+++ Given records +++
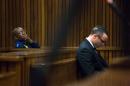 Oscar Pistorius, on his arrival in court for his ongoing murder trial in Pretoria, South Africa, Tuesday, May 13, 2014. Pistorius is charged with the shooting death of his girlfriend Reeva Steenkamp on Valentine's Day in 2013. (AP Photo/Daniel Born, Pool)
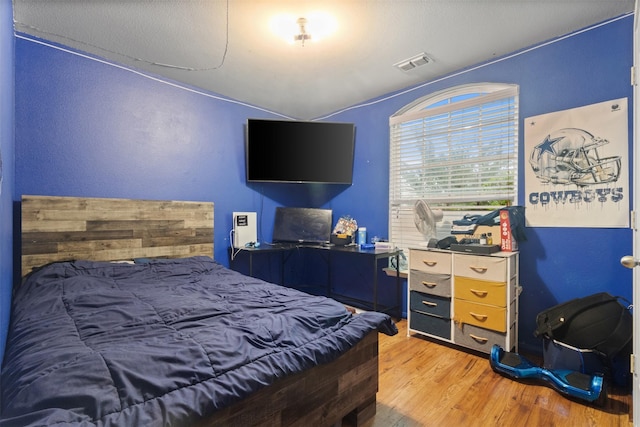 bedroom featuring visible vents, vaulted ceiling, and light wood-type flooring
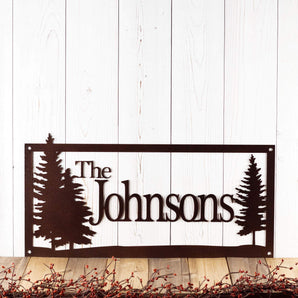 Rectangular personalized family last name metal sign with pine trees, in copper vein powder coat. 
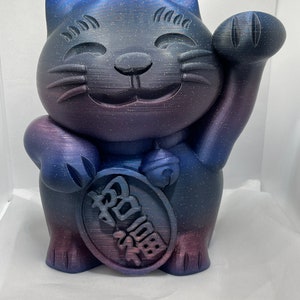 May include: A blue, purple, and black Maneki Neko cat figurine with a smiling face and raised paw. The figurine has a speckled finish and a coin with Japanese characters.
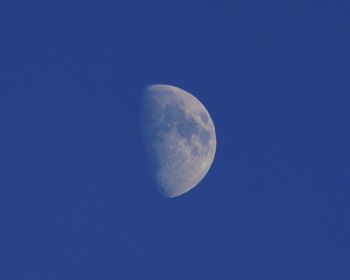 Low angle view of moon against clear blue sky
+++
• _What you need to do_: Write out again, word for word, the lines from the one holding "Rectangular personalized family" through the final line of the listing, including both ends but no pictures.

• _Response_:
 Rectangular personalized family last name metal sign with pine trees, in copper vein powder coat. 
 May include: A blue, purple, and black Maneki Neko cat figurine with a smiling face and raised paw. The figurine has a speckled finish and a coin with Japanese characters.
 Low angle view of moon against clear blue sky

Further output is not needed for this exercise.